PTP Industries Inc.'s decision to close stems from a dispute over unpaid bills with America Online Inc., which claims it hasn't paid because PTP falsified U.S. Postal Service records.

The closing also represents a huge loss for the city's empowerment zone, the $100 million federal program to create jobs in some of the city's most blighted neighborhoods. PTP, which has hired nearly 300 since moving to a former Montgomery Ward & Co. complex near Carroll Park in early 1995, represents the second-largest creator of jobs in the zone, according to federal records.

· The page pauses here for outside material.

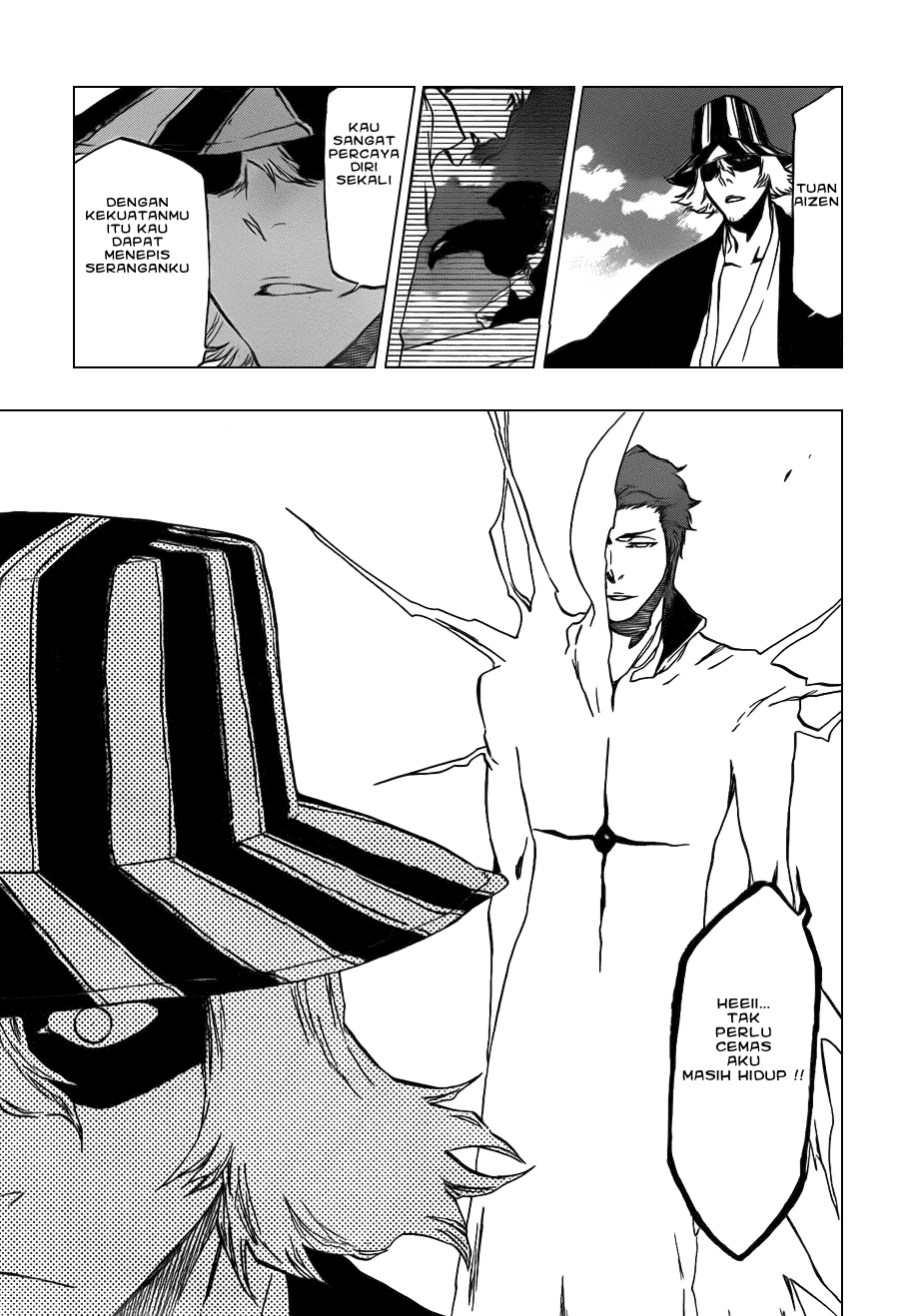 Bleach Chapter 402 Bahasa Indonesia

"The company has gone from several hundred employees to just a few at this point, and AOL put them in this situation," said Herman Eugene Funk Jr., PTP's attorney. "The nicest word that I can use to describe them is predatory."

Just a few months ago, PTP was hailed as an empowerment zone success story for employing hundreds with plans for further expansion.

Diane Bell, chief executive of Empower Baltimore Management Co., which directs activities in the zone, said late yesterday that she had not been told by city economic development officials that PTP was closing.

Last year, the Southwest Baltimore packaging company generated more than $35 million in sales, up from $24 million just three years ago. The company also was named "Employer of the Year" by St. Peter the Apostle, a neighborhood church that convinced PTP to hire several developmentally disabled people.

But in the past month, PTP's success has waned, and the company has laid off more than 500 employees, sold off equipment and made final preparations to shutter its operation, including defaulting on a lease with the state, which bought the old Ward building to accommodate PTP for $5 million.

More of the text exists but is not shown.